# [Work item]
Everything in the listing must be repeated exactly, apart from the images.

# [Collected material]
◆ ◆ ◆ ◆
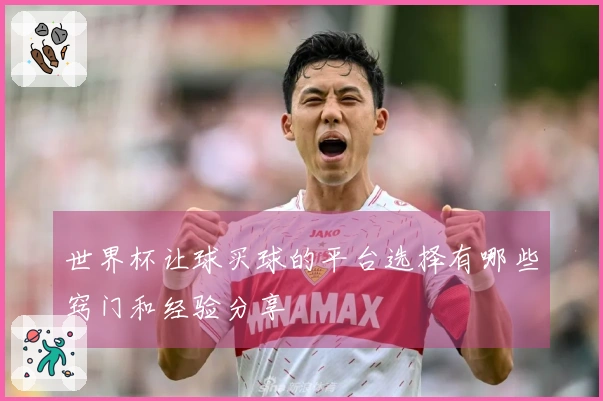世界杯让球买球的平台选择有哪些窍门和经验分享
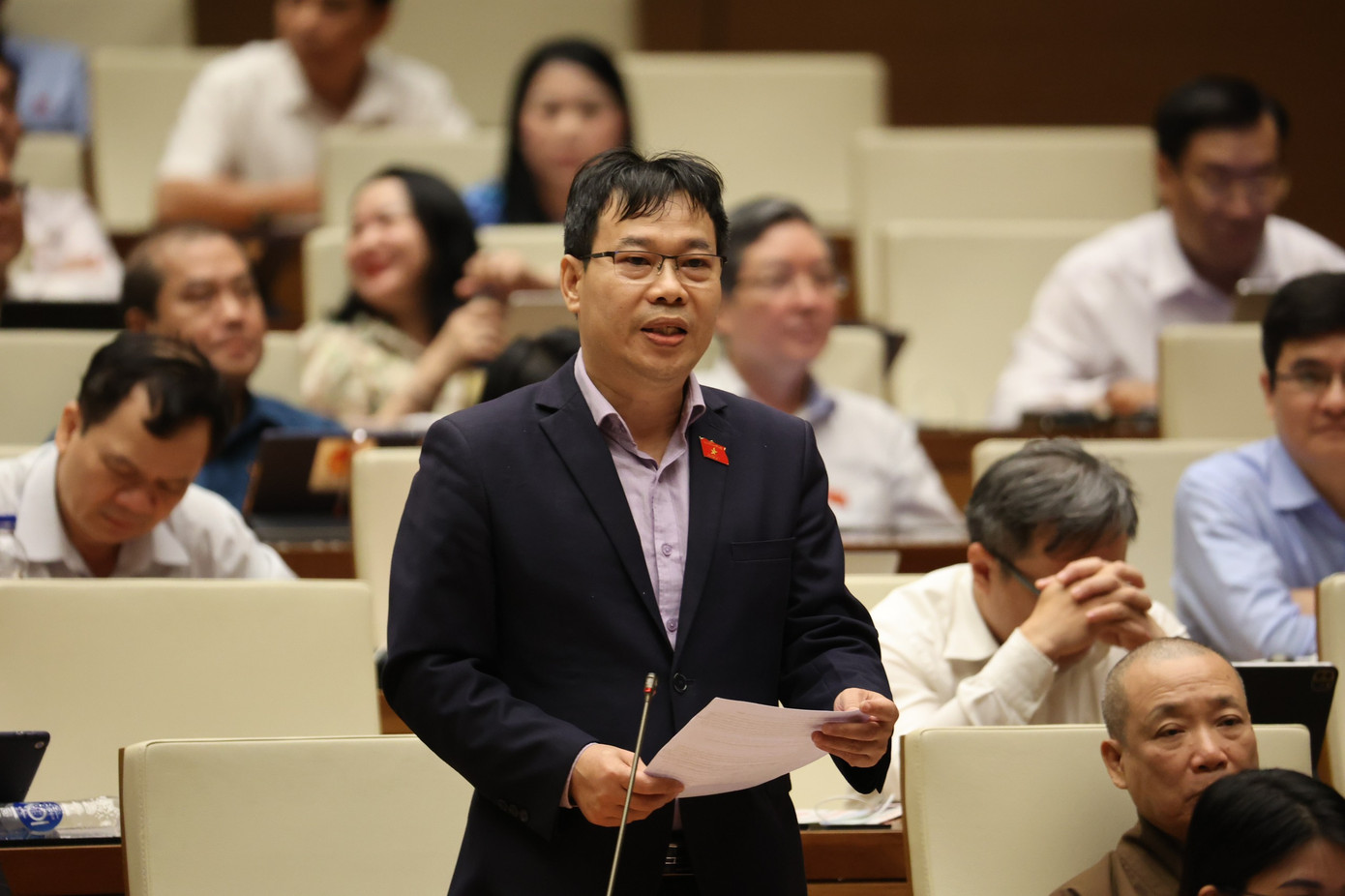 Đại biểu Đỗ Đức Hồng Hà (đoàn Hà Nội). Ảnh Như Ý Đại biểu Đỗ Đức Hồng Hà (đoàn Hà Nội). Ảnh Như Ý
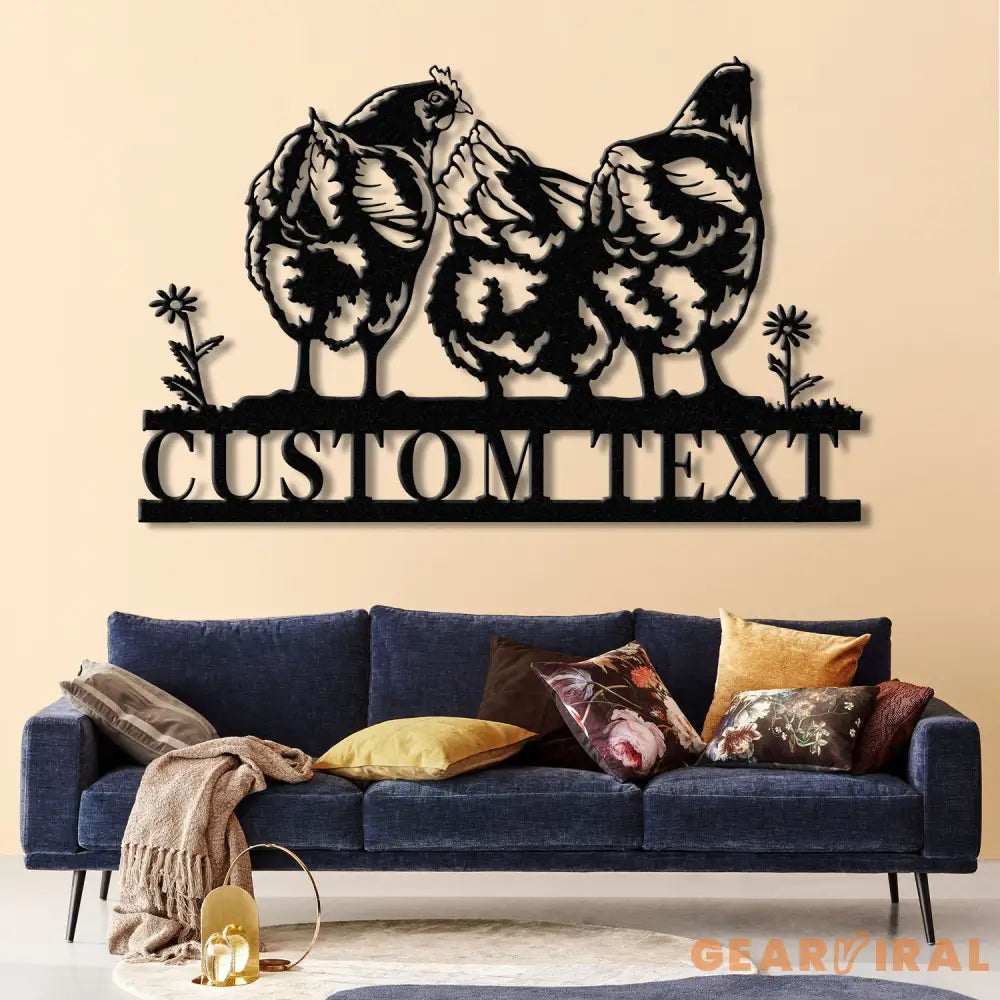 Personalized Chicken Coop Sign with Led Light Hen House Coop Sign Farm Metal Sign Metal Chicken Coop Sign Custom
◆ ◆ ◆ ◆
# [Answer area]
世界杯让球买球的平台选择有哪些窍门和经验分享
 Đại biểu Đỗ Đức Hồng Hà (đoàn Hà Nội). Ảnh Như Ý Đại biểu Đỗ Đức Hồng Hà (đoàn Hà Nội). Ảnh Như Ý
 Personalized Chicken Coop Sign with Led Light Hen House Coop Sign Farm Metal Sign Metal Chicken Coop Sign Custom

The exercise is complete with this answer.